Fill the bucket a quarter full and dip the paintbrush in to get it wet. Start by brushing with the brushes' heel-to-toe bristles.
Step 6. Use Bucket to Support Brush
Getting the paint that’s gone up the ferrule off and out needs care. The best tool to use is a bristle brush that quickly gets inside and behind the ferrule that holds the paint brush’s bristles together and attaches these to the handle. You must scrub downward along the paint brush’s bristles and from the brush’s heel to the toe.
When wire-brushing, flip the brush over and do the back and the front. It's easy for the paint to dry at the heel of the bristles held together by the metal ferrule. And to get the paint out here, even deep inside the ferrule, is necessary as you don't want the paint to dry and harden and affect the future use of the brush.
You must get all the dry paint off the bristles. The next step is to wash the brushes with water.
Step 7. Wash Brushes in the Bucket
Fill the 5-gallon bucket a ¼ full with water, then dip the paintbrush to get it wet. You must pat the brushes into the water. Stick the brush right down to the bottom of the bucket. The patting actions work the paint out of the inside of the ferrule and on the paintbrush bristles. You must repeat the process up to four times and keep adding fresh water.
Step 8. Push the Brush Against the Bottom of the Bucket
Once you've removed the dry paint on the paintbrush bristles near the ferrule, submerge the brush in the bucket of water. It would help if you worked the paint inside the ferrule out. Keep patting the brush on the bottom of the bucket of water.
As you pat the brush at the bottom and refill it with clean water, you need to continue doing this until you don't see water that's cloudy with paint. Also, remember to use the wire brush between sessions of patting the brush. Work off all the bits of hardened paint. A wire bristle brush is the ideal tool and won't damage the paintbrush. Keep refilling the bucket with clean water and patting the brush.
You regularly need to fill the bucket with fresh water. You must do this at least four times. The patting motion forces water into the ferrule and flushes the paint out. The aim is to soften and get the paint loose. Again, this is a process that needs to be repeated.

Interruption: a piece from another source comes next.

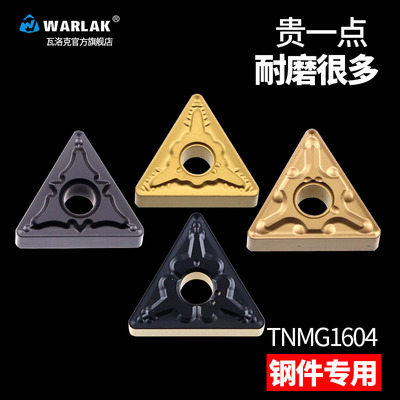 数控刀片TNMG160404/08三角形双面外圆刀头车床刀具内孔钢件刀粒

When you see that the freshwater isn't cloudy or murky with paint, you can start to work off any areas of paint with the wire bristle brush. You must be careful not to let the wire bristle brush damage the paintbrush.

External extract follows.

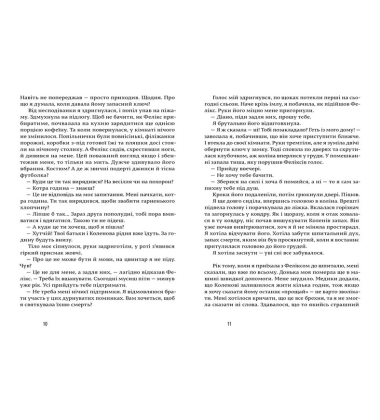 Щасливі люди читають книжки і п’ють каву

Step 9. How to Move Brush Downwards
You want the water in the bucket to wash into the ferrule area to almost force out any paint. You must work down the sides carefully in a patting movement. The patting action actually forces the paint out.
In between, you must give the brush a quick and short shake, just lightly, and repeat this patting, cleaning, and shaking process.

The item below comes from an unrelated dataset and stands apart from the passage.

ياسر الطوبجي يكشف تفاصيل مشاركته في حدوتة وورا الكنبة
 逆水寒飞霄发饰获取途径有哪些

Step 10. Flick Paint Brushes and Fluff These Out
When you are happy all is done, you can pat the brush dry by holding the brush by the handle in one hand and lightly hitting it against the tip of your shoe. Ensure that you don’t damage the ferrule, as it can easily get dented and bent.
Again, you must fluff up the brush once you have removed all paint traces. And it's good to hold onto the paper casing that came with the brush when you bought it. You can stick the paintbrush back there for as long as the brush lasts!